Dessin de Laurier The Fox (Pour voir son portfolio, cliquez ici)

14 heures 45. L’heure est aux prises de parole habituelles. Mais le discours le plus marquant est sans nul doute celui de l’auteur de BD Laurier The Fox, parrain de l’édition 2019 de la “Marche des fiertés” : « Cette année, nous célébrons les émeutes de Stonewall. Un soulèvement en réaction aux violences policières qui a eu une influence directe sur nos droits et sur nos vies : dépénalisation et démocratisation de l’homosexualité à travers le monde. […] Or, si les luttes sociales m’ont apprises une chose, c’est que ces droits ne sont jamais acquis. Il faut continuer à combattre pour trouver le moyen de lutter contre le VIH ; il faut combattre pour faire évoluer les mentalités concernant les personnes transgenres ; lutter pour la PMA et la filiation pour tous ; dénoncer et refuser le pinkwashing ; combattre les violences policières… ». 

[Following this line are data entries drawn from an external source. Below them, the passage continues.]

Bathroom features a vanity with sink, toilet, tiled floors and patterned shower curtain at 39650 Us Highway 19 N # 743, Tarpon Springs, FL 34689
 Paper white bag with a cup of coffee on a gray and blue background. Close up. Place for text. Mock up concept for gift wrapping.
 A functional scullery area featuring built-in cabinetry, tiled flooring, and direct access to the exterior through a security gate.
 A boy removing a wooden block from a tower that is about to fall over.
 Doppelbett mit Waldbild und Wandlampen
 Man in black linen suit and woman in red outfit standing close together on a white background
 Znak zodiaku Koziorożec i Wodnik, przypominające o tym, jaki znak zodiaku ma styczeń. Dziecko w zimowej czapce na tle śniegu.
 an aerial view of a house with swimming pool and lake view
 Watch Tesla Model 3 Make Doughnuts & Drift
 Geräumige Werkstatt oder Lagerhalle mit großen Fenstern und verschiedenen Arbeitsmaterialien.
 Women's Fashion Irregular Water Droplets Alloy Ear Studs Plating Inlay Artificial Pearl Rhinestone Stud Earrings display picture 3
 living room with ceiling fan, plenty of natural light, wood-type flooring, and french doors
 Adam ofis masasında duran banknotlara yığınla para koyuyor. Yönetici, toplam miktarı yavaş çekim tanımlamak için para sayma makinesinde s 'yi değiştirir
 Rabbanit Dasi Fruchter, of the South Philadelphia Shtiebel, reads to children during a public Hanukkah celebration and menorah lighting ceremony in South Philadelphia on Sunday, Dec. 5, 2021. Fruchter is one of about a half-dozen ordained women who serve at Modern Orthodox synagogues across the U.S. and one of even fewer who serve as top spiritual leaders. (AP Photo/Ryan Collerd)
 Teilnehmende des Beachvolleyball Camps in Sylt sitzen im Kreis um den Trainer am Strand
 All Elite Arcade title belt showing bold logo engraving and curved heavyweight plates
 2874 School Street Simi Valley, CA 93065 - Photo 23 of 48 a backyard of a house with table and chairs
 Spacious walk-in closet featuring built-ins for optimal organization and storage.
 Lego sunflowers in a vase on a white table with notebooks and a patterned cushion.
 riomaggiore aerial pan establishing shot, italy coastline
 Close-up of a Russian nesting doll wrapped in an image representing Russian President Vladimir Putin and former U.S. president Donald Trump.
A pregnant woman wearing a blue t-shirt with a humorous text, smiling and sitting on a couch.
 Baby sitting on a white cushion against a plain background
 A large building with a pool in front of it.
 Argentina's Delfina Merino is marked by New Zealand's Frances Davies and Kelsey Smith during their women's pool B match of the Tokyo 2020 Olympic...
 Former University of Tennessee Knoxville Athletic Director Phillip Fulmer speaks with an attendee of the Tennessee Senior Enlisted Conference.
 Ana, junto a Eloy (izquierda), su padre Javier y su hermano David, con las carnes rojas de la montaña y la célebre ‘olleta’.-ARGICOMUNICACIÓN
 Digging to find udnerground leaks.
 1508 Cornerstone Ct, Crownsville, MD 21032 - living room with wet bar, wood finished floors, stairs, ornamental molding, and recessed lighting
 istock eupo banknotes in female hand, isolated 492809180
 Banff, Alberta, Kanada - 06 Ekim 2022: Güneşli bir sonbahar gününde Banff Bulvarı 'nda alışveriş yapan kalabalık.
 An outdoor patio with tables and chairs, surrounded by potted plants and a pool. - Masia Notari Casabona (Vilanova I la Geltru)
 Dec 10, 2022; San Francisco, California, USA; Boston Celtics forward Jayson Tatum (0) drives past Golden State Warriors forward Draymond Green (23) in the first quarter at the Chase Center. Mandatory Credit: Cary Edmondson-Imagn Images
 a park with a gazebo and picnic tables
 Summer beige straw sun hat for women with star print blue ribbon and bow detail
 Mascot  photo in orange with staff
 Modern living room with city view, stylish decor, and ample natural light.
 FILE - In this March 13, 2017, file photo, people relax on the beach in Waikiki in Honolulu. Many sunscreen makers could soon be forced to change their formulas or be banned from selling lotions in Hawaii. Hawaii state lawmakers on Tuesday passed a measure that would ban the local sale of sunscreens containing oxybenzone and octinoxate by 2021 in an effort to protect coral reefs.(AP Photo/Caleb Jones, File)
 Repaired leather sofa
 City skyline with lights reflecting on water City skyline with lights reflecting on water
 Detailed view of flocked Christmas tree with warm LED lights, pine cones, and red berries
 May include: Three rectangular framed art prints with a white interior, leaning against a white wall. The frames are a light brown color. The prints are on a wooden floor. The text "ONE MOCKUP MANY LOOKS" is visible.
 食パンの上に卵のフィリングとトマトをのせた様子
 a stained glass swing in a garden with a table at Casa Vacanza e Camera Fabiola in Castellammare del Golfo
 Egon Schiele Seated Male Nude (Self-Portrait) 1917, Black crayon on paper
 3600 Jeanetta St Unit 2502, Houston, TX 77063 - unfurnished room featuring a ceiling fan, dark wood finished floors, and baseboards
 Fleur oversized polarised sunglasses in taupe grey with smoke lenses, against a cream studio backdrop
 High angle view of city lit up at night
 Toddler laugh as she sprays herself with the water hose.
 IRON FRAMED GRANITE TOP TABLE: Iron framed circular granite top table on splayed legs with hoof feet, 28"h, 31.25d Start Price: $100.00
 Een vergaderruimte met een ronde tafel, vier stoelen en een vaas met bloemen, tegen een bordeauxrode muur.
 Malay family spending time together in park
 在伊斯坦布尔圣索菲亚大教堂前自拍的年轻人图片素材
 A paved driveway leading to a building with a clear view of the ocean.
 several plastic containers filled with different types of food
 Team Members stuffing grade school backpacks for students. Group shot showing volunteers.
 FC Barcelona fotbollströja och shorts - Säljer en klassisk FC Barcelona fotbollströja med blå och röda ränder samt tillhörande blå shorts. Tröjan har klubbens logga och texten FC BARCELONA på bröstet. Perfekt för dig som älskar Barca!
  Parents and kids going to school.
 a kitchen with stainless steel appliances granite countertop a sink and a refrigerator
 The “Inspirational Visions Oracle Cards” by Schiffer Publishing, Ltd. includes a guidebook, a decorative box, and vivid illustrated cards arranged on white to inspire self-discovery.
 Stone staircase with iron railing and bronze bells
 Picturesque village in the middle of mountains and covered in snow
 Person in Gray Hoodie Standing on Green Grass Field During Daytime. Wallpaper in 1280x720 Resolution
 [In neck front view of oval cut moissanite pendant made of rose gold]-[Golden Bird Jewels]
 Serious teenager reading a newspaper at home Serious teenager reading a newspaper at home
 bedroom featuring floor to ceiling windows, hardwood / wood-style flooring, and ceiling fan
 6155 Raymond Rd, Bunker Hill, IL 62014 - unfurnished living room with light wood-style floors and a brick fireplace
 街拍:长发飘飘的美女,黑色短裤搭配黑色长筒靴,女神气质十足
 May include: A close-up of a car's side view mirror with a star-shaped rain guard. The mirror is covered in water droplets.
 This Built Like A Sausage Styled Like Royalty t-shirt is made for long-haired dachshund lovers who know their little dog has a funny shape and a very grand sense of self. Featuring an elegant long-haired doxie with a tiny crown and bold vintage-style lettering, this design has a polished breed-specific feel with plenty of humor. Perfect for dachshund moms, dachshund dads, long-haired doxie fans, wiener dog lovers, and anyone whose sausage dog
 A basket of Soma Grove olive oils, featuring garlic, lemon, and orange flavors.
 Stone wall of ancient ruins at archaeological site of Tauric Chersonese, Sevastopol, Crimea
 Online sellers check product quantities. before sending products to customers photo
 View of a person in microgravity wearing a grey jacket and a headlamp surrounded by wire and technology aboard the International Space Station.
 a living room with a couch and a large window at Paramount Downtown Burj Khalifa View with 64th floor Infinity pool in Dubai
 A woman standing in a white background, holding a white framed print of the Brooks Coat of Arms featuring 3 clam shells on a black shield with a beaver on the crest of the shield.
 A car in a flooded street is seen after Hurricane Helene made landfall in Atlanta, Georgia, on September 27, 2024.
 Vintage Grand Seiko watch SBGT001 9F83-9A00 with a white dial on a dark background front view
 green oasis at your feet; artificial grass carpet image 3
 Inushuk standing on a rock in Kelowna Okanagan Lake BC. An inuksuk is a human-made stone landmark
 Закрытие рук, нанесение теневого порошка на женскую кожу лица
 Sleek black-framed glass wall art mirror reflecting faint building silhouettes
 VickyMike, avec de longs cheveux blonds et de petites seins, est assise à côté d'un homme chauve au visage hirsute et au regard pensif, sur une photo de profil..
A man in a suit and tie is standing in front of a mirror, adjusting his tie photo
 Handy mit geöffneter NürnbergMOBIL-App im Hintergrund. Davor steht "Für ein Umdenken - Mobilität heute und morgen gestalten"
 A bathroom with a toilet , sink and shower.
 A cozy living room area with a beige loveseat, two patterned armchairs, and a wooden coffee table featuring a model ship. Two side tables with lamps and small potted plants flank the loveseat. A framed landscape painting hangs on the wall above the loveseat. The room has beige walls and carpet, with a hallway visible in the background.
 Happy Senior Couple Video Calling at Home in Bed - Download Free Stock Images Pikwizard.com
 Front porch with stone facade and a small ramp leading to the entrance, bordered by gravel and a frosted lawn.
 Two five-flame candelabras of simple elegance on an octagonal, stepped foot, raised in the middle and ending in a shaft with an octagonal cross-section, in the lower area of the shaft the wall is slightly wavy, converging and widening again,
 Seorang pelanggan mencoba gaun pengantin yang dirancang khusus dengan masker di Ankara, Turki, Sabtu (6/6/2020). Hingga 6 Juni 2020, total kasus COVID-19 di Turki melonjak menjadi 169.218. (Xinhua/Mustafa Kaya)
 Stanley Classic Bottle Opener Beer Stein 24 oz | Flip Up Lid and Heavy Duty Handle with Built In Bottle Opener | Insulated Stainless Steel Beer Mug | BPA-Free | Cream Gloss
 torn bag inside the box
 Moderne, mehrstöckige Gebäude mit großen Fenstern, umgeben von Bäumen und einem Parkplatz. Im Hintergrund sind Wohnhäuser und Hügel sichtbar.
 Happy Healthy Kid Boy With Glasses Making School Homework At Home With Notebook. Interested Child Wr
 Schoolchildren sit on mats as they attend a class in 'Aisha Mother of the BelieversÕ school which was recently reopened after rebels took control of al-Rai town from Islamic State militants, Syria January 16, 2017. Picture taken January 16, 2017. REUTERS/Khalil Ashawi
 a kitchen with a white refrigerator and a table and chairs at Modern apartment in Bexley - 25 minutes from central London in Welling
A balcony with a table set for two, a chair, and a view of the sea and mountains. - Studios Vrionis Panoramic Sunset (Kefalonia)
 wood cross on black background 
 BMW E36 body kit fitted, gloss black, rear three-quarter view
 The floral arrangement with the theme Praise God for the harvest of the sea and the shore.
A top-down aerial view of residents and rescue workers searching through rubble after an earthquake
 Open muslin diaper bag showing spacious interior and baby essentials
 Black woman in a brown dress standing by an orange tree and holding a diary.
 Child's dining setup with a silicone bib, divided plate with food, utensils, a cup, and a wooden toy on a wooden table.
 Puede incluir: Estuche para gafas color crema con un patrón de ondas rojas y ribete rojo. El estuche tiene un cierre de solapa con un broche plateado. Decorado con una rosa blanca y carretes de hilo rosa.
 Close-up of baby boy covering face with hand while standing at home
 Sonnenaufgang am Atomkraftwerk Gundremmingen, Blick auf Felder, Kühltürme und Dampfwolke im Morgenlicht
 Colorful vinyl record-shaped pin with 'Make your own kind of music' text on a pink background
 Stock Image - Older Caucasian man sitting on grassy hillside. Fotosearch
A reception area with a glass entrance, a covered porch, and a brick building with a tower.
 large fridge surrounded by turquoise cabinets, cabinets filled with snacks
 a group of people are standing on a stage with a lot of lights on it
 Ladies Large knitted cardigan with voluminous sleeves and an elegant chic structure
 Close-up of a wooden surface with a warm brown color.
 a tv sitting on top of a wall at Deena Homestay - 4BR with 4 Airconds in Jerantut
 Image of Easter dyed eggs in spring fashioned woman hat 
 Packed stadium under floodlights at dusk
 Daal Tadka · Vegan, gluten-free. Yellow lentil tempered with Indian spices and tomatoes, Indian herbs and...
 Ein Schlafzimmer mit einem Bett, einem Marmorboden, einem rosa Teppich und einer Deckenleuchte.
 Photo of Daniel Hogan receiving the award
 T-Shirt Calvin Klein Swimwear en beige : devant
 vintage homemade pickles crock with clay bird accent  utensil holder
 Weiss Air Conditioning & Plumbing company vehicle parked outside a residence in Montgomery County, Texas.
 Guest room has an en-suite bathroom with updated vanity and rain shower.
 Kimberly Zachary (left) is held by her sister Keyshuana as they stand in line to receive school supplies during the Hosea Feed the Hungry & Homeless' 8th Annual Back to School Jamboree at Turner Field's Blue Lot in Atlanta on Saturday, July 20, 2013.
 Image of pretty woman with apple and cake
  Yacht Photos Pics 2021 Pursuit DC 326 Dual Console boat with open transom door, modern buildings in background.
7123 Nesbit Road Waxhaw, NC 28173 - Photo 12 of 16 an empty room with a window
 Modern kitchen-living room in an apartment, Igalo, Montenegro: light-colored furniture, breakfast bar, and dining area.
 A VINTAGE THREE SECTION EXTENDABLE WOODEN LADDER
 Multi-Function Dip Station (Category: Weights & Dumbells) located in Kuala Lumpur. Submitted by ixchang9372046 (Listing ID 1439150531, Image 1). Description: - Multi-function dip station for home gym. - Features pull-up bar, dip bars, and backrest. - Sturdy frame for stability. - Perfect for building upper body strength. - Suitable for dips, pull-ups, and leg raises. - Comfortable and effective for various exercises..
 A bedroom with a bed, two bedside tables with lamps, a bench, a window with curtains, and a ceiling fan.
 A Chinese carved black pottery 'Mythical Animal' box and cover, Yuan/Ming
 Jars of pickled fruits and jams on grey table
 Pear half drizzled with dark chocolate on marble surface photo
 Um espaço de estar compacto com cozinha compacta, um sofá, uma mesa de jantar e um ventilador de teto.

L’équipe de football LGBT tenant la banderole de tête

Galvanisés par la force des mots, les 200 individus présents s’élancent comme un seul homme dans les rues clermontoises. L’ambiance y est festive et la jeunesse majoritairement représentée. Visiblement heureuses de partager ensemble ce moment unique, certaines personnes n’hésitent pas à esquisser quelques pas de danse. En tête de cortège, l’équipe de football (essentiellement composée de réfugiés LGBT), récemment créée par l’association “Queer Auvergne”, montre l’exemple.

La marche s’annonce longue avec 4 kilomètres au programme, avant de rejoindre, en musique, la Place de Jaude. Or, malgré la chaleur, personne ne se plaint. En chemin, quelques badauds immortalisent la scène grâce leur portable instinctivement brandi. En outre, nous avons également droit à toute une série de slogans mis en évidence sur des pancartes préalablement réalisées lors d’ateliers interactifs : « Mon corps, mes choix, ta gueule » ; « Ôte ton sexe de mes papiers ! » ; « Fais-moi chier et pan dans ta gueule ! » ; …

Une minute de silence : La fête laisse place au recueillement
Minute de silence pour rendre hommage aux victimes homosexuelles, assassinées dans les camps de la mort

15 heures 30. La fête laisse place au recueillement. La musique est interrompue et le cortège fait halte devant le monument aux morts, situé Rue Montlosier. Dans le plus grand des calmes, une minute de silence est observée pour rendre hommage aux victimes homosexuelles, assassinées dans les camps de la mort durant la seconde guerre mondiale. Comme un symbole, “Les Sœurs de la perpétuelle Indulgence” s’agenouillent pieusement face à ce mémorial au pied duquel une gerbe y est déposée. Car, si la « Marche des fiertés” est un moment de fête et de joie, c’est aussi l’occasion de se remémorer ces fragments d’Histoire qui n’ont rien d’un détail. 

Arrivée du cortège sur la Place de Jaude

Suite à ce temps d’arrêt commémoratif, la cortège se remet en marche pour rejoindre la Place de Jaude en passant par le quartier Universitaire. Une fois la célèbre place clermontoise atteinte, la plupart des personnes présentes se réfugient à l’ombre. Or, tout ne se passe pas exactement comme prévu. En effet, contre toute attente, les deux cortèges du jour (la seconde “Marche des fiertés”) se croisent succinctement à proximité de la statue équestre de Vercingétorix. Un aléa sans graves conséquences qui contribue néanmoins à désorganiser le mouvement dont nous faisons parti. Toujours est-il que l’objectif principal des organisateurs est atteint : Donner de la visibilité à la communauté LGBTQIA+ et faire entendre sa voix.


[1]Il y a cinquante ans, dans la nuit du 28 au 29 juin 1969, une descente de police au Stonewall, un bar gay de New York, avait provoqué une série de manifestations violentes.